ASSIGNED TASK –
Please retype the listing below word for word and exclude its images.
==== DATA EXTRACT ====
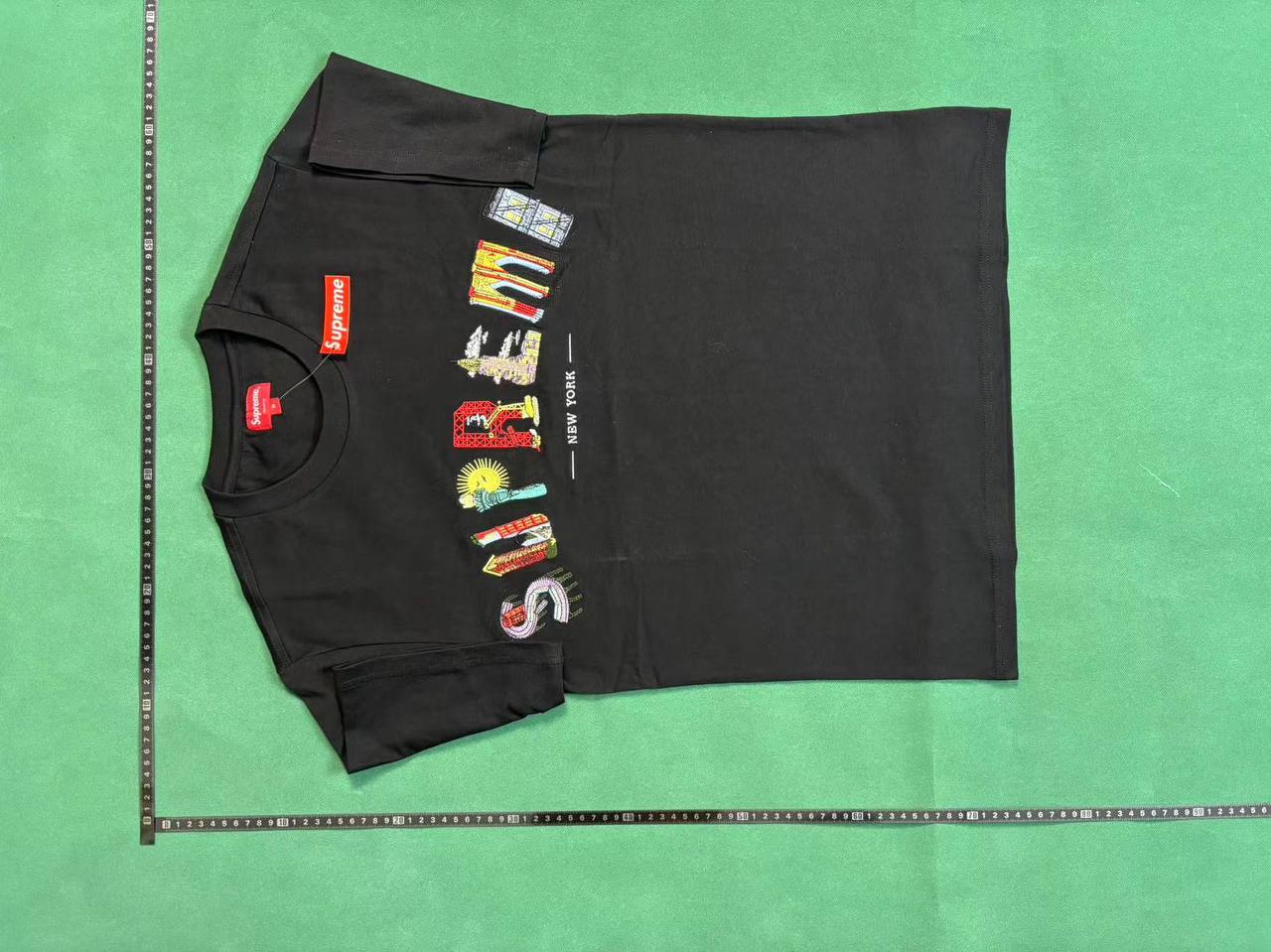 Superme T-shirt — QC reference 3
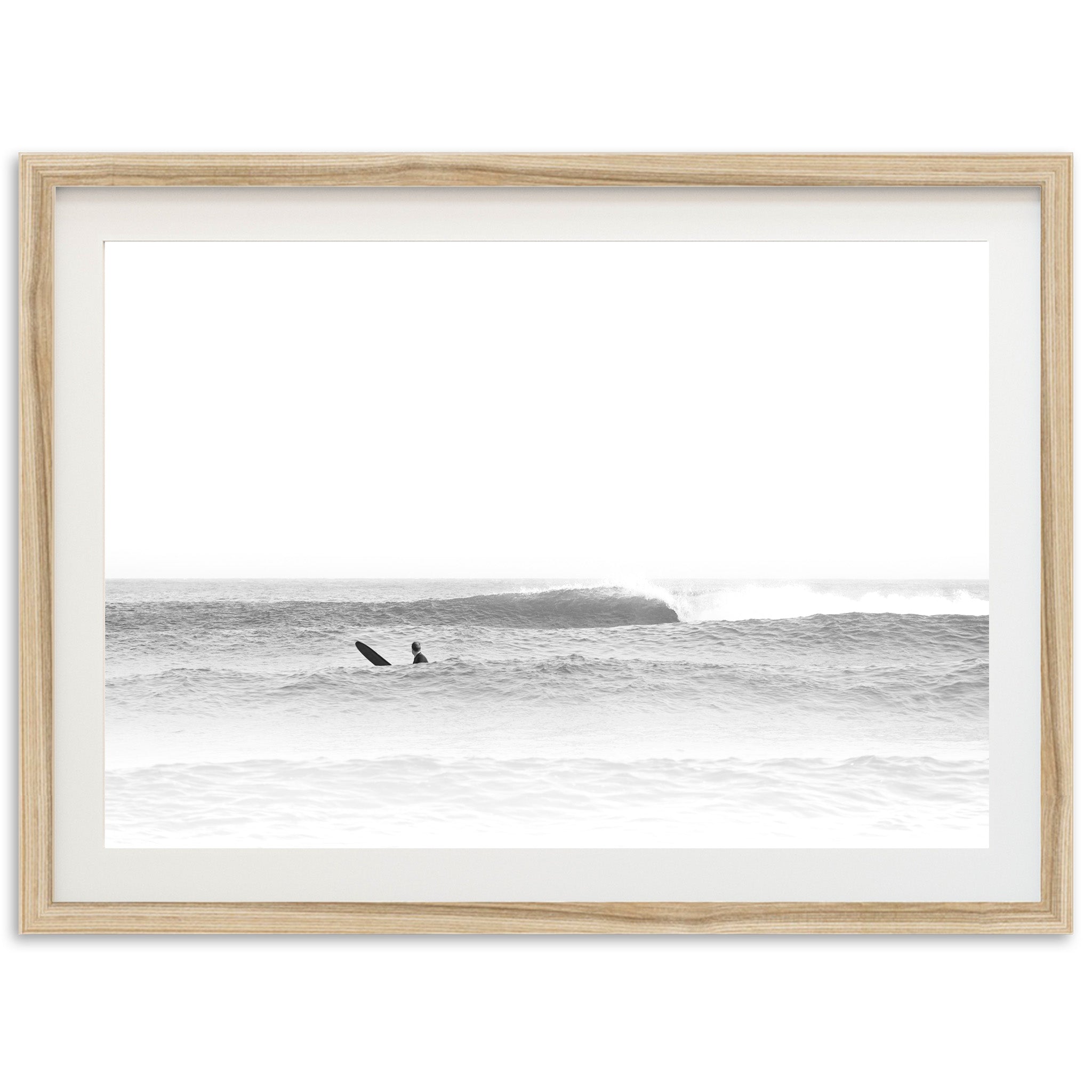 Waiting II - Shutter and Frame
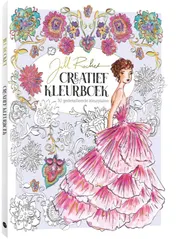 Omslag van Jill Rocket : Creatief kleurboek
====
EXERCISE RESPONSE –
 Superme T-shirt — QC reference 3
 Waiting II - Shutter and Frame
 Omslag van Jill Rocket : Creatief kleurboek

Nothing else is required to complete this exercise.